What needs to be done: Give the data again exactly, stopping after the "Stiletto 12/14 CM" line.

(Records contained in a dataset)
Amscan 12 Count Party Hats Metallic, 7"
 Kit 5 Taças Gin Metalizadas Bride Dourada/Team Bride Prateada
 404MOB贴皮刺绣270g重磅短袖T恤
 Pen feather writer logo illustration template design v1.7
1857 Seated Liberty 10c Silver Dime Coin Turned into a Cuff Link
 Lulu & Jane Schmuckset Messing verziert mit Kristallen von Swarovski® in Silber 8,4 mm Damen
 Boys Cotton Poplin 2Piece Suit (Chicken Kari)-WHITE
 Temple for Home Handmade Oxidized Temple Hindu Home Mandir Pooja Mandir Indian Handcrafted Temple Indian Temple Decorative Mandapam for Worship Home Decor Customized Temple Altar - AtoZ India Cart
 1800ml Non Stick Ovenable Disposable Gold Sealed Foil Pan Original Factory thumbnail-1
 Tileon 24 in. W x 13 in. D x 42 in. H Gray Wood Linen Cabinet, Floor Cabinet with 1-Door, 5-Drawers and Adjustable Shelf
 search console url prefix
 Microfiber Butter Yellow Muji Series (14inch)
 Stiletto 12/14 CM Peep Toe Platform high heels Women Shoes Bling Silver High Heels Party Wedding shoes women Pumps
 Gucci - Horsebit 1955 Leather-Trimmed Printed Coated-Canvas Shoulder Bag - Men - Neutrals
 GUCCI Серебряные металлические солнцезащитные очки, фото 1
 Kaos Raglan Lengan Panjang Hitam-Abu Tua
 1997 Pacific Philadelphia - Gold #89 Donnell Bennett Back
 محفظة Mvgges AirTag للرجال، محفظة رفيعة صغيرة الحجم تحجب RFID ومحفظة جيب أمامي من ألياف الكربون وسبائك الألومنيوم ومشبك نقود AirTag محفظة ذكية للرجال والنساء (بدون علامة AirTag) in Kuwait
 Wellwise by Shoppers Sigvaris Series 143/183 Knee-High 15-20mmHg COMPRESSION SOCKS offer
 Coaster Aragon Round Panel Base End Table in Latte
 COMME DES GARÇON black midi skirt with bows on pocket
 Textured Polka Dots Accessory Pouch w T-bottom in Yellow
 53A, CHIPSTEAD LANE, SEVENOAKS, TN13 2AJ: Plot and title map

Answer for the task:
Amscan 12 Count Party Hats Metallic, 7"
 Kit 5 Taças Gin Metalizadas Bride Dourada/Team Bride Prateada
 404MOB贴皮刺绣270g重磅短袖T恤
 Pen feather writer logo illustration template design v1.7
1857 Seated Liberty 10c Silver Dime Coin Turned into a Cuff Link
 Lulu & Jane Schmuckset Messing verziert mit Kristallen von Swarovski® in Silber 8,4 mm Damen
 Boys Cotton Poplin 2Piece Suit (Chicken Kari)-WHITE
 Temple for Home Handmade Oxidized Temple Hindu Home Mandir Pooja Mandir Indian Handcrafted Temple Indian Temple Decorative Mandapam for Worship Home Decor Customized Temple Altar - AtoZ India Cart
 1800ml Non Stick Ovenable Disposable Gold Sealed Foil Pan Original Factory thumbnail-1
 Tileon 24 in. W x 13 in. D x 42 in. H Gray Wood Linen Cabinet, Floor Cabinet with 1-Door, 5-Drawers and Adjustable Shelf
 search console url prefix
 Microfiber Butter Yellow Muji Series (14inch)
 Stiletto 12/14 CM Peep Toe Platform high heels Women Shoes Bling Silver High Heels Party Wedding shoes women Pumps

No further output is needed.